> _Activity_
Pictures aside, reproduce exactly and only the lines from the one containing "Center 3 Bedroom" through the end of the records.

● ● ● ● ●

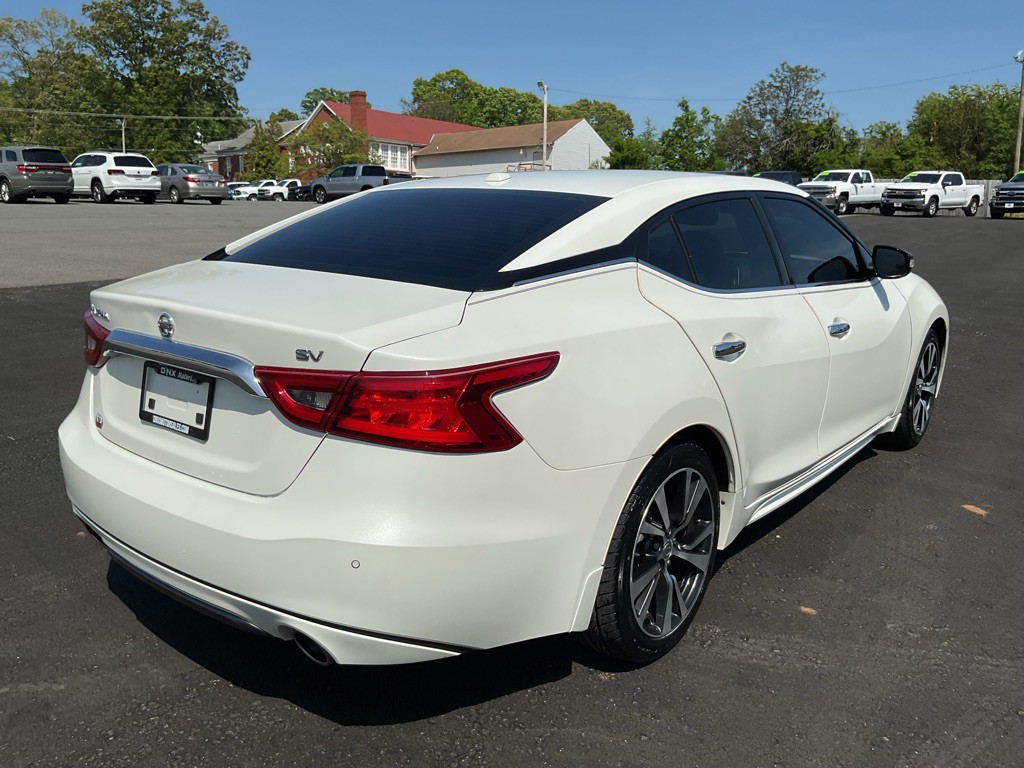 2016 Nissan Maxima Image 10
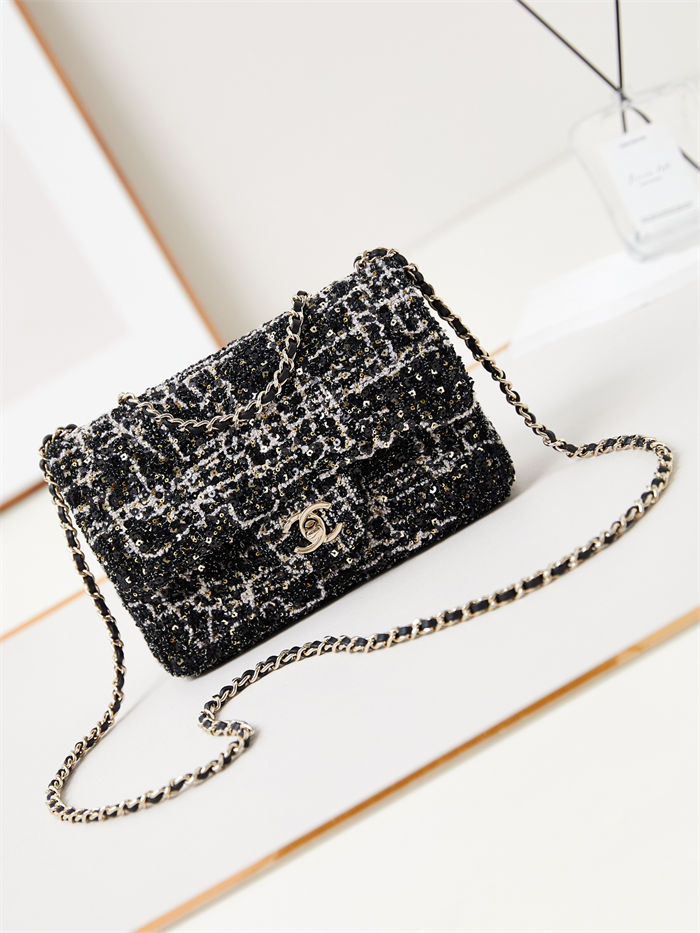 SMALL FLAP BAG AS3269 Sequins & Gold-Tone Metal A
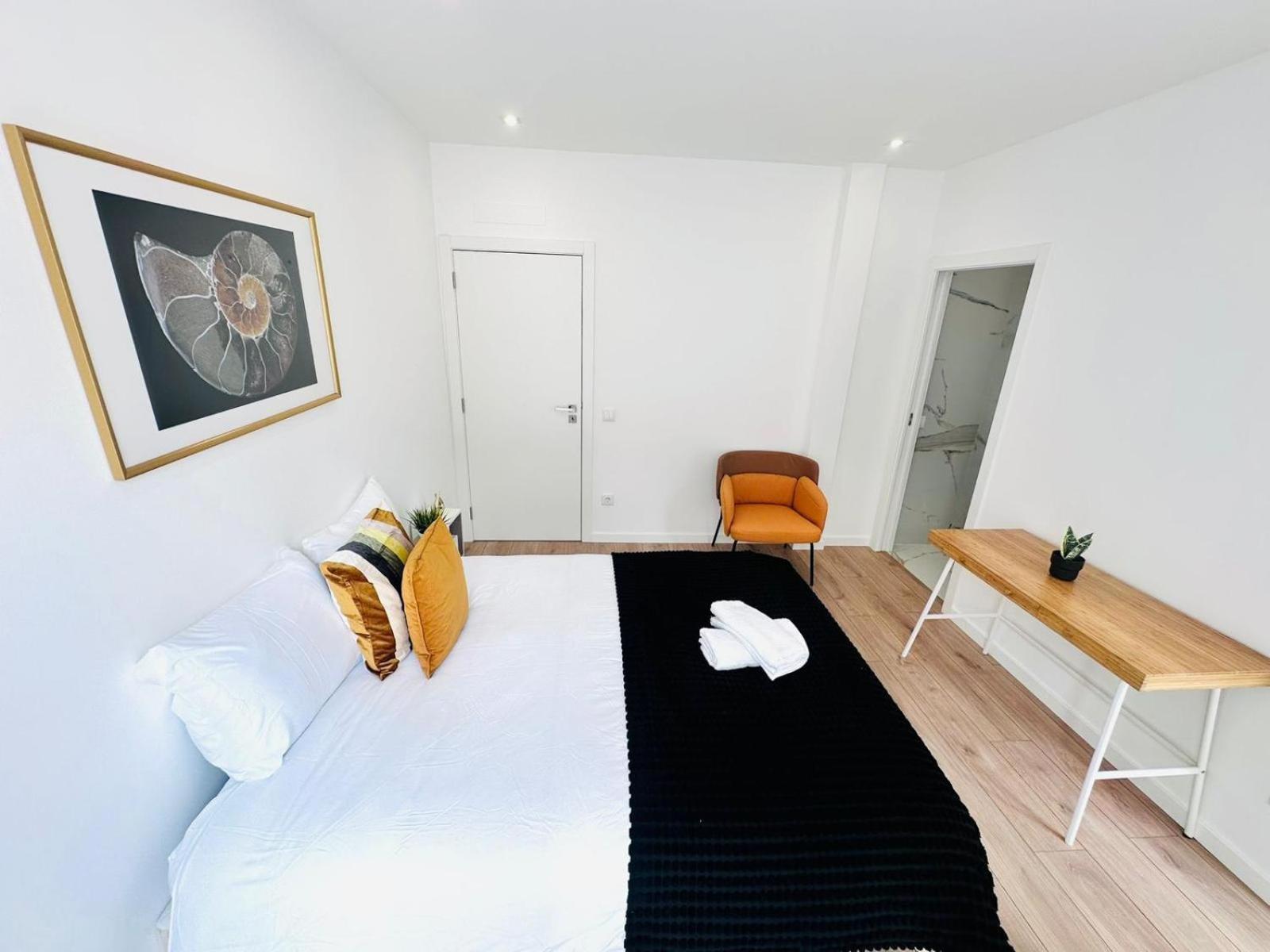 Center 3 Bedroom Flat Next To Avenida Almirante Reis Apartment Lisbon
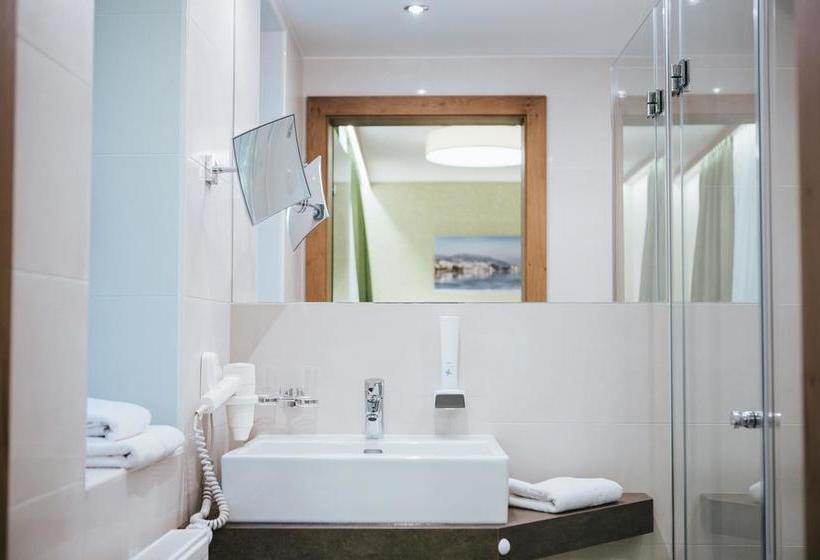 Отель Gasthof Pension Luger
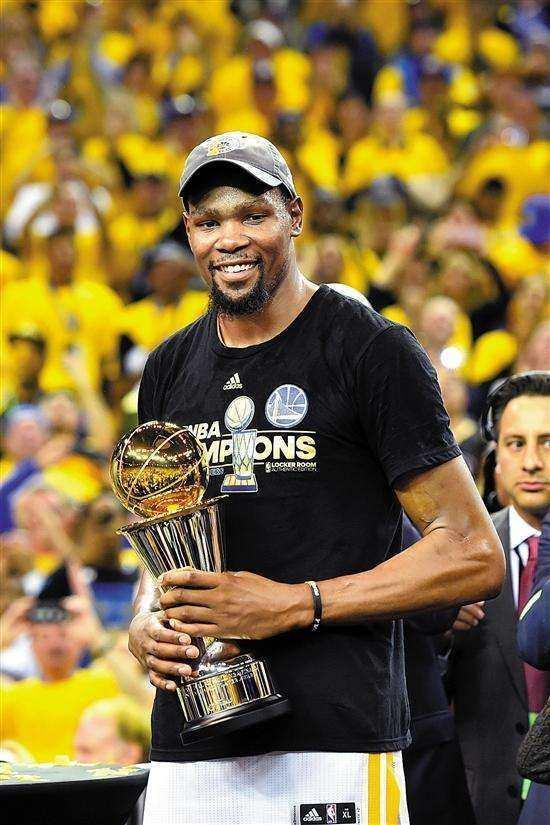 赛车选手发挥出色，荣膺最佳MVP的简单介绍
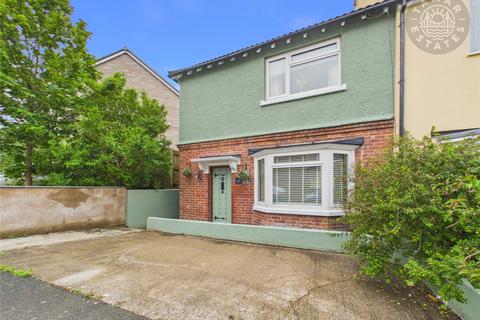 3 bed property, in Wordsworth Road, £280,000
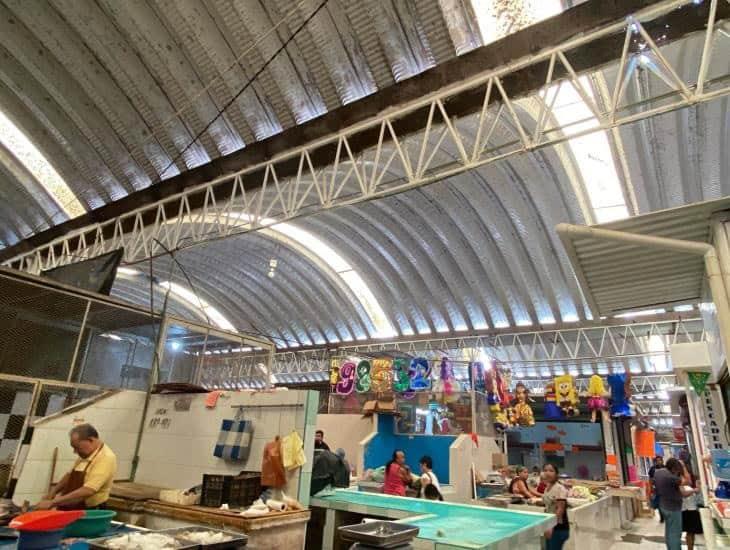 Locatarios del mercado 5 de febrero denuncian atrasos en mantenimiento del techado | VIDEO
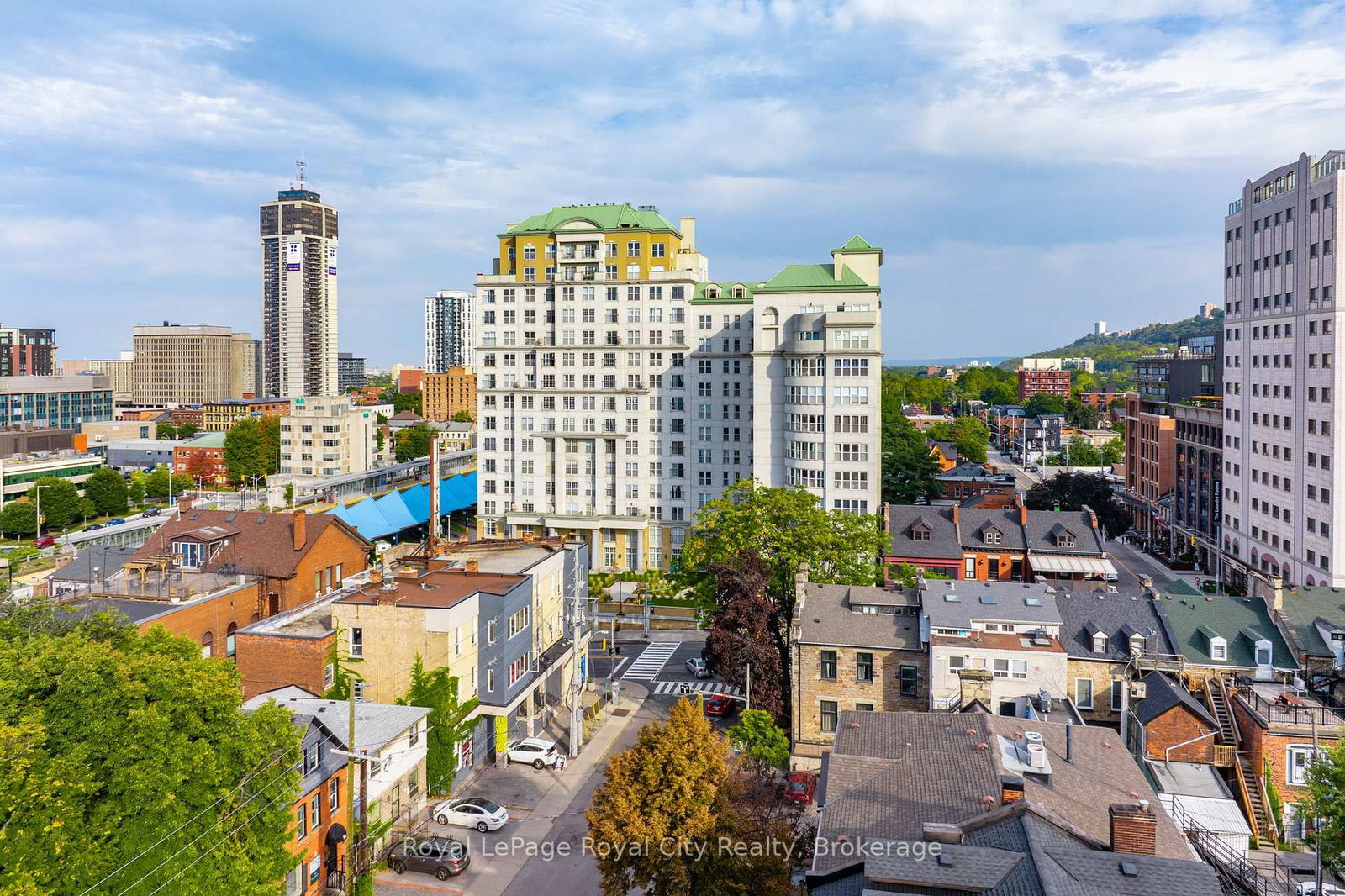 Chateau Royale Condos, Hamilton, Toronto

● ● ● ● ●

> _Answer to this task_
 Center 3 Bedroom Flat Next To Avenida Almirante Reis Apartment Lisbon
 Отель Gasthof Pension Luger
 赛车选手发挥出色，荣膺最佳MVP的简单介绍
 3 bed property, in Wordsworth Road, £280,000
 Locatarios del mercado 5 de febrero denuncian atrasos en mantenimiento del techado | VIDEO
 Chateau Royale Condos, Hamilton, Toronto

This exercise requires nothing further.